In distributed computing, all-pairs communication is common where each machine needs to constantly send/receive data to/from every other machine. For example, message shuffling in MapReduce and Google's Pregel is an all-pairs communication. However, it is challenging to design an MPI-based all-pairs communication module that is able to fully utilize the network bandwidth, due to many unexpected behaviors of MPI.
We consider an example where each machine needs to constantly request data from other machines. We consider two solutions: (S1) all-to-all style synchronous message shuffling, and (S2) server-style message receiving, where a request/response server listens on its channel, and keeps processing each received request/response (from MPI_ANY_SOURCE).

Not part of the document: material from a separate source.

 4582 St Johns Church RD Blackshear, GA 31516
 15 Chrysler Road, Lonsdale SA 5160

For (S1) all-to-all style communication, we cannot use MPI_Alltoall/MPI_Alltoallv since (1) it does not scale with the number of processes somehow in both MPICH and Open MPI, and (2) they do not take a tag as input and so may interfere with other concurrent MPI communications (see the two MPI pitfalls mentioned here). We thus implement the determinstic synchronous all-to-all communication using MPI point-to-point communication primitives, and the code can be found here. There, as a simulation, we first let all processes (one on each machine) send a request of size BUF_SIZE to every other worker process using a synchronous all-to-all communication, and then let all workers send a response of size fold * BUF_SIZE back to every other worker process using a second synchronous all-to-all communication. The above two steps are repeated and the cumulative volume of received responses are periodically reported on the console, which reflects the communication throughput. Unfortunately, in a Gigabit Ethernet environment with 16 machines, we observe that this solution only delivers a throughput of around 100Mbps (i.e., 10% utilization rate), even though the communication volume is totally balanced.

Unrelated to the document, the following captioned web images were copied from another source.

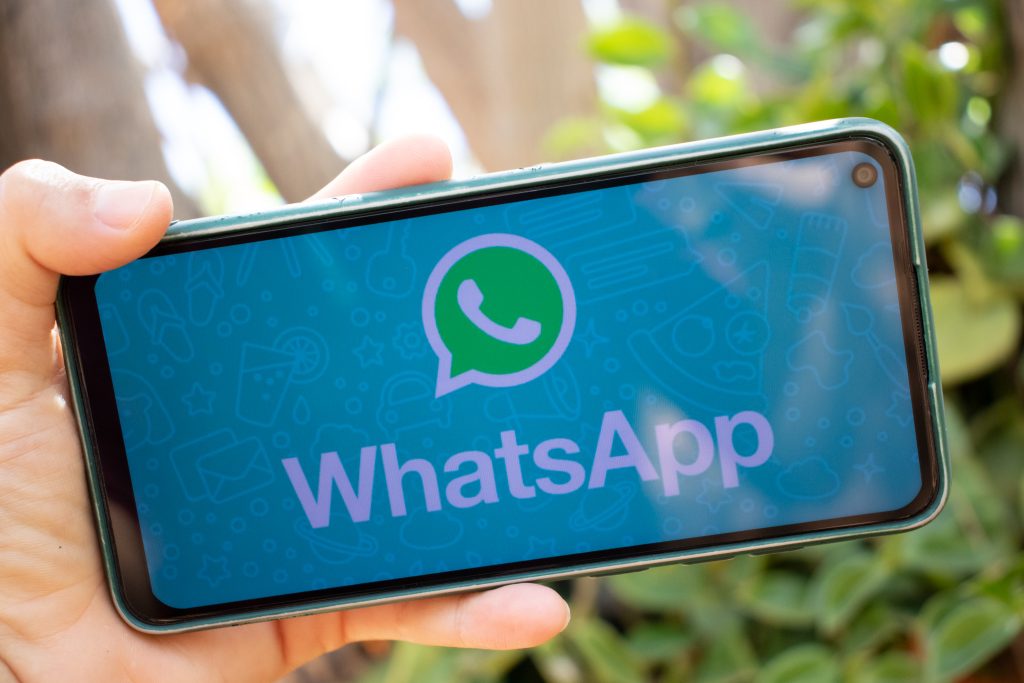 WhatsApp libera personalização de cores e temas para conversas no app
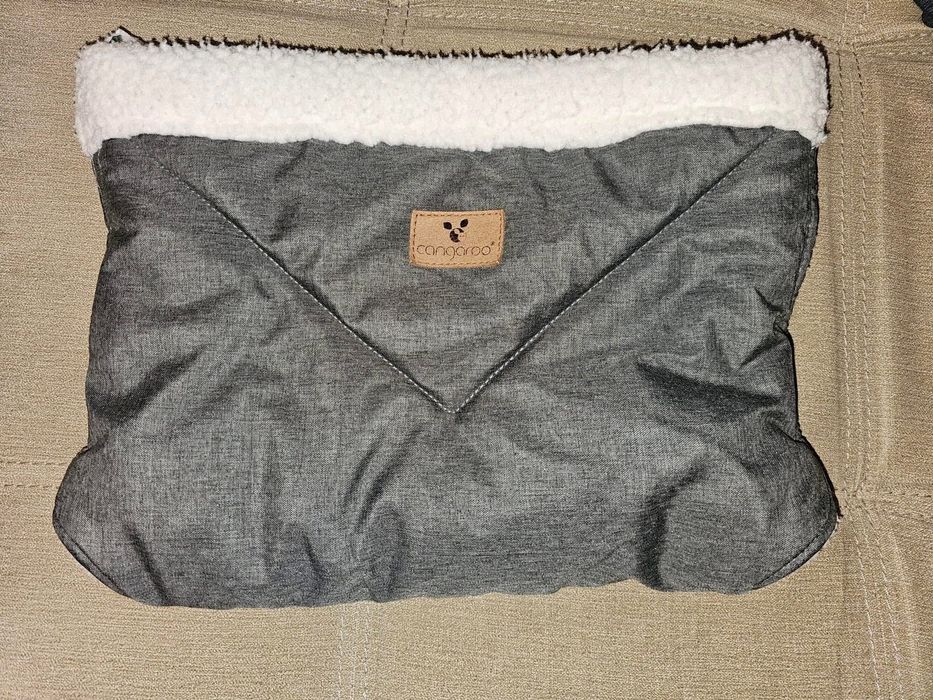 Ръкавица (маншон) за количка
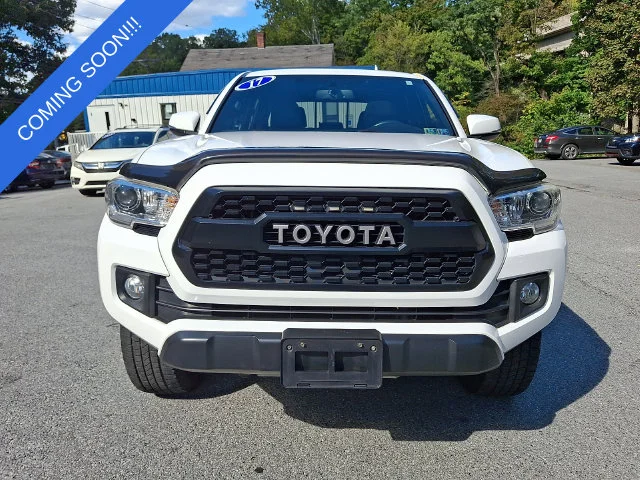 Used 2017 White Toyota TRD Off-Road image 4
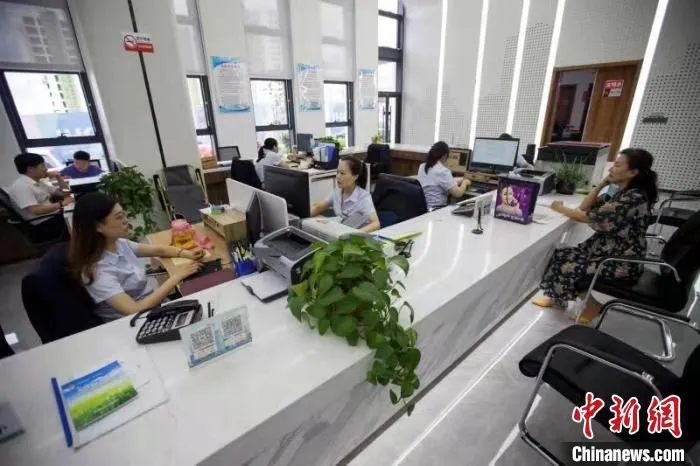 预计到2021年底，开发区工业项目将100%实行“标准地”出让。　张云 摄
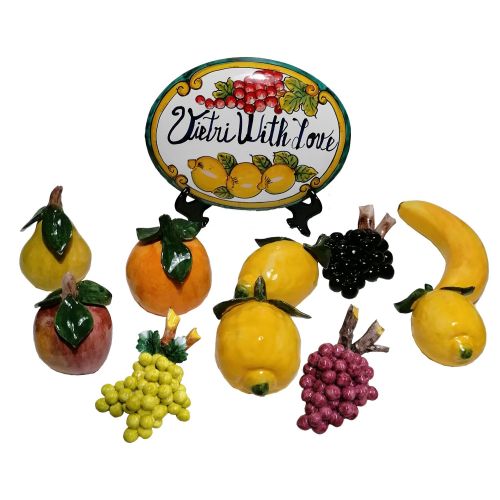 Frutta a rilievo in ceramica vietrese. Dipinto a mano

Alternatively, for (S2) server-style communication, we maintain a request server and a response server. A server listens on its channel (using MPI_Iprobe) and processes each received message. However, since a request has size BUF_SIZE but a response has size fold * BUF_SIZE which is fold times larger, if we keep the requesting channel busy, the response channel will become congested (note that this will not happen for the all-to-all styple communication). We observe that if requests are kept being sent, the communication will become very unbalanced and the throughput drops to almost 0 between many pairs of machines, and gradually there is almost no progress in communication for all machines (not sure why, and may be relevant to the implementation of MPICH). However, when congestion does not happen, the throughput is many times higher than the all-to-all styple communication.

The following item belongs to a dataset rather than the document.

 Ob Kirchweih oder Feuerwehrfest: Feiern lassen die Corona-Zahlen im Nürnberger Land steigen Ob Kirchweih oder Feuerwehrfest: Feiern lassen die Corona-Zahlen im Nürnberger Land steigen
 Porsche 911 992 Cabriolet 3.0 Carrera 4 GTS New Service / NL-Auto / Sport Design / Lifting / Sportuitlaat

To ensure network throughput but avoid congestion, our solution is to let each machine sleep for a while after sending a batch of messages to every other machine and the code can be found here. Obviously, the throughput is inversely proportional to the sleep time. Interestingly, by varying the number of processes, we find that the network throughput increases linearly with the number of processes. Thus, when a program is run with many processes/machines, the estimated throughput will go beyond 1Gbps and congestion happens. In fact, while congestion does not happen in our private cluster when the throughput is above 100MB/s, we find that on Azure, it is safer to control the throughput to be around 60MB/s or congestion may happen. Also, this holds only when BUF_SIZE is 1kB (we set fold as 100 and so the volume of a batch of response messages is 100kB), and if the message batch becomes larger, congestion also happens. As a result, to avoid congestion, we try to keep the largest volume of a batch of messages to be around 100kB, and increase the sleep time proportionally to the number of processes to keep the throughput at around 60MB/s. This strategy has been integrated into our G-thinker system.